The Biden administration on Tuesday suspended oil and gas leases in the Arctic National Wildlife Refuge, targeting one of President Donald Trump’s most significant environmental acts during his last days in office.

The move by the Interior Department, which could spark a major legal battle, dims the prospect of oil drilling in a pristine and politically charged expanse of Alaskan wilderness that Republicans and Democrats have fought over for four decades. The Trump administration auctioned off the right to drill in the refuge’s coastal plain — home to hundreds of thousands of migrating caribou and waterfowl as well as the southern Beaufort Sea’s remaining polar bears — just two weeks before President Biden was inaugurated.

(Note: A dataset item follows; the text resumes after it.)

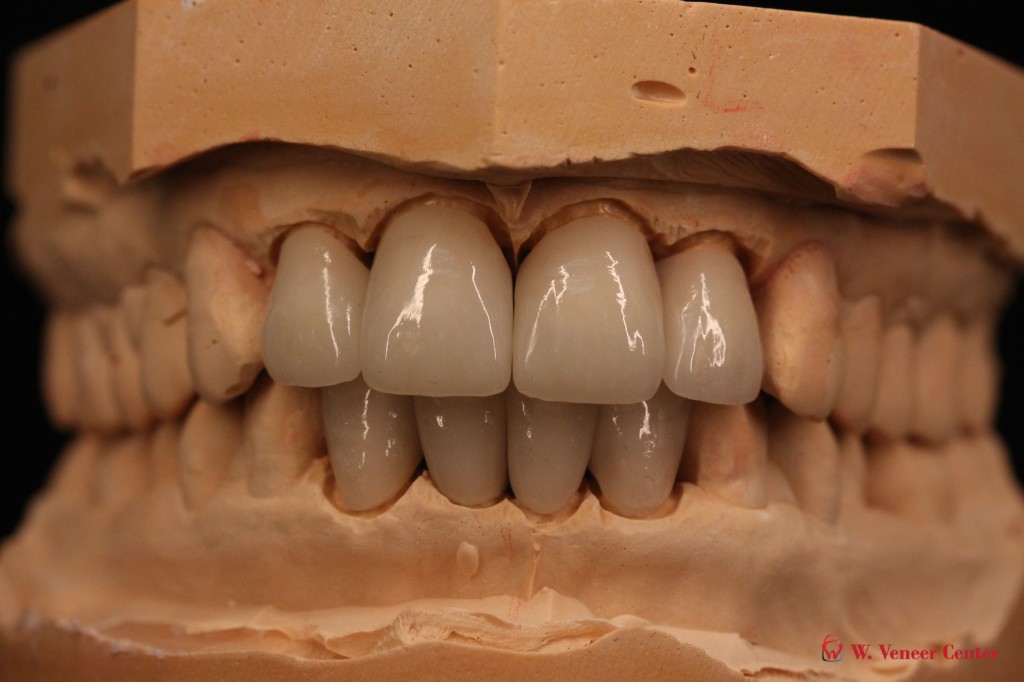 Maxillary and Mandibular Incisors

Now the Biden administration is taking steps to block those leases, citing problems with the environmental review process. In Tuesday’s Interior Department order, Secretary Deb Haaland said that a review of the Trump administration’s leasing program in the wildlife refuge found “multiple legal deficiencies” including “insufficient analysis” required by environmental laws and a failure to assess other alternatives. Haaland’s order calls for a temporary moratorium on all activities related to those leases in order to conduct “a new, comprehensive analysis of the potential environmental impacts of the oil and gas program.” Continue reading.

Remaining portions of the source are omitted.